Dans la vie des affaires, il est fréquent de devoir « donner pouvoir » à une autre personne pour accomplir un acte juridique en nom du donneur d’ordre: négocier un contrat, effectuer une déclaration de société, effectuer ou recevoir un paiement, présenter une demande administrative ou judiciaire, gérer une transaction etc. Ce mécanisme correspond au mandat, un contrat encadré par le Code civil.
Souvent confondu avec d’autres formes d’intermédiation, le mandat obéit à des règles précises qui définissent les conditions de sa validité, l’étendue des pouvoirs accordés, ainsi que les droits et obligations respectifs du mandant (celui qui confère une mission) et du mandataire (celui qui agit pour autrui).
Cet article a pour objectif de présenter les grands principes du mandat en droit français, ses conditions de formation, ses effets, et les régimes particuliers applicables aux différents intermédiaires.

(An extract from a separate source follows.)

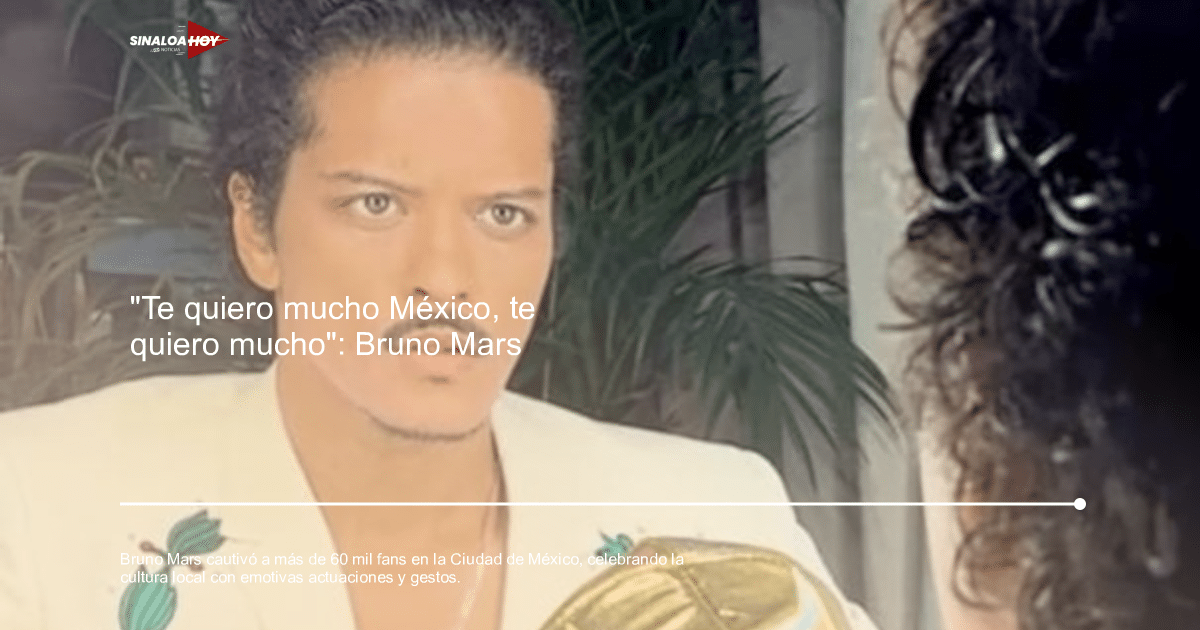 Bruno Mars, Ciudad de México, cobrarconcierto, cultura mexicana, fans.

- Définition et principes généraux du contrat de mandat
Le contrat de mandat est régi par les articles 1984 et suivants du Code civil ainsi que par les articles 1153 et suivants du Code civil pour ce qui concerne les règles générales relatives à la représentation contractuelle, dans la mesure où elles sont compatibles avec les règles spéciales propres au mandat (art. 1105, al. 2 et 3 du Code civil).

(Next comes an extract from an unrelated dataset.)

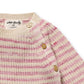 Wilson & Frenchy / Rhubarb & Cream Knitted Stripe Kimono Cardigan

Le mandat est défini comme l’acte par lequel une personne (le mandant) donne à une autre (le mandataire) le pouvoir d’accomplir, en son nom et pour son compte, un ou plusieurs actes juridiques.
Pour bien comprendre le mécanisme du mandat, il faut savoir qu’il repose sur le pouvoir qui permet au mandataire d’engager juridiquement le mandant. Le mandataire n’agit pas pour son propre compte mais pour le compte de celui qui lui donne instruction de faire l’acte. Il agit au bénéfice du mandant et à ses risques. Le mandataire ne subit pas de perte dans l’opération. Dans l’acte, le mandataire indique le nom de son mandant. C’est le mécanisme de la représentation qui permet au mandant, par exemple, une société, être partie à des actes sans être présent à leur conclusion par l’intermédiaire de son représentant personne physique.
Appliqué à la vente immobilière, par exemple, le mandat confère au mandataire le pouvoir de conclure ou de constater la réalisation de la vente au nom du mandant.
Un élément distinctif du mandat réside dans l’absence de subordination entre le mandant et le mandataire. Le mandataire dispose d’une certaine indépendance dans la conduite de sa mission. Le mandataire reste libre du choix des moyens pour parvenir à l’accomplissement des instructions données par son mandant. Dans le cas contraire, il s’agirait d’un contrat de travail et non plus de mandat.
L’acceptation du mandataire est nécessaire pour la formation du mandat, qui peut résulter d’un accord exprès ou tacite selon les circonstances.
La représentation peut être parfaite lorsque le mandataire agit au nom et pour le compte du mandant, auquel cas le mandant est seul tenu de l’engagement contacté ou imparfaite lorsqu’il agit pour le compte du mandant mais en son propre nom, p.ex. le commissionnaire, qui de ce fait est seul engagé à l’égard du cocontractant ( art.1154 du Code civil).
- Conclusion du mandat
La formation du mandat obéit aux conditions de validité générales des contrats prévues par l’article 1128 du Code civil : consentement des parties, capacité de contracter, et contenu licite et certain. Si l’une de ces conditions fait défaut, le mandat est nul.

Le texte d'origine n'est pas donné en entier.